*I am not a tax professional. This is meant to be an educational tool and NOT a recommendation. Each personal situation is different and there’s a lot of grey area in self-employed deductions. If you have questions (even just little ones) … talk to a tax expert.*
Travel is the one of the best parts of being an opera singer.
Sure, there are the weeks when it’s really not that fun… the non-descript hotel rooms, the 12th meal in a row at Applebees… but at the end of the day, I really like it.
And the only thing that makes it better is that all of that travel is tax-deductible!
Or is it?
What part of travel can you deduct?
A lot of it.
- your flight/bus/train ticket
- your hotel
- transportation to the airport (taxi or public transport)
- food (but only 50% of the total amount)
That’s the lion’s share of your travel costs, and it’s all tax deductible under a few conditions…
The ‘just do it like a normal person’ rule of traveling
The CRA is more than happy to give you a deduction for your travel as long as your expenses are reasonable.
What that means in this situation is actually kind of interesting.
I was talking to a few accountants and they made it clear that when the CRA is trying to figure out ‘reasonable expenses’ for travel (and also for business food) they don’t have some kind of absolute moral standard:
“A plane ticket should never cost more than $600. That’s the definition of a reasonable plane ticket.”

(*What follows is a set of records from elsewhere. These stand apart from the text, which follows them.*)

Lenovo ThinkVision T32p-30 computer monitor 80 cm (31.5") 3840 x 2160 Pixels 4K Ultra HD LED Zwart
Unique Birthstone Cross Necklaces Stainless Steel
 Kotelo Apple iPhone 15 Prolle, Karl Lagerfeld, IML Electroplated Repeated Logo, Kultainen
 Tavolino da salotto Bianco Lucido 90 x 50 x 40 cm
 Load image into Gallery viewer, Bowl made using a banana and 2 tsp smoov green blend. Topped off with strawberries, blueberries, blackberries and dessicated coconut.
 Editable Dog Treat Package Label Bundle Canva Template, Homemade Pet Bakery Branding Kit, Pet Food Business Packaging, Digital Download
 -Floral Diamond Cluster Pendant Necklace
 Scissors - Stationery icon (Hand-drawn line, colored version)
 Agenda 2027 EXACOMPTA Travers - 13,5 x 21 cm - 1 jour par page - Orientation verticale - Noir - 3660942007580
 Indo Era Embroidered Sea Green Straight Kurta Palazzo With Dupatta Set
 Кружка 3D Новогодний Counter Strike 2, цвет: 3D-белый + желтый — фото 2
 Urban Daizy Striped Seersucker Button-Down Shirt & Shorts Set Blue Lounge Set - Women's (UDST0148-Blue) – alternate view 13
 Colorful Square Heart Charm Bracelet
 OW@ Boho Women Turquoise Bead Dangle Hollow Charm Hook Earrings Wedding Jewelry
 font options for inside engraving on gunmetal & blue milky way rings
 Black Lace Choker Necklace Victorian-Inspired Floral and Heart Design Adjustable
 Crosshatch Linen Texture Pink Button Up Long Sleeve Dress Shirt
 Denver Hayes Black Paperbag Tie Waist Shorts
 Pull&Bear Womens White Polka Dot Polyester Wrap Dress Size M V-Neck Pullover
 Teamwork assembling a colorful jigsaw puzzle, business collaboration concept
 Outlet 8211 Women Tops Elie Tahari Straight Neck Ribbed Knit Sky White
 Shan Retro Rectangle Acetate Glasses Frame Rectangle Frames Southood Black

They look at what’s ordinary and regular for people in YOUR industry.
So that means that a reasonable plane ticket for a giant billion dollar corporation might be business class… but if you’re a self-employed opera singer pulling in less than 50,000 dollars a year… a business class ticket is probably less reasonable.
A tax deduction isn’t something to take advantage of… just travel like a normal person, and then claim those costs for the deduction you deserve.
Backing up your claims
As with any deduction, you need to have receipts … but one accountant suggested you also have some real proof that it was a business trip.
If you’re there for a job, that’s easy… a contract can be produced.
But what if I went to Chicago hoping to get an audition with the opera house there. Turns out nobody answered my emails and I spent the next 5 days eating awesome food and watching the Bulls play.
Even though I might have gone there for business… no business was actually done.
My accountant friend said the CRA is always on the lookout for personal trips disguised as business trips.
It would be better if I could provide emails to an auditor proving I had actual auditions that had real potential of getting me work.
If a trip is part business and part personal you may want to talk to your accountant about just deducting a percentage of the costs.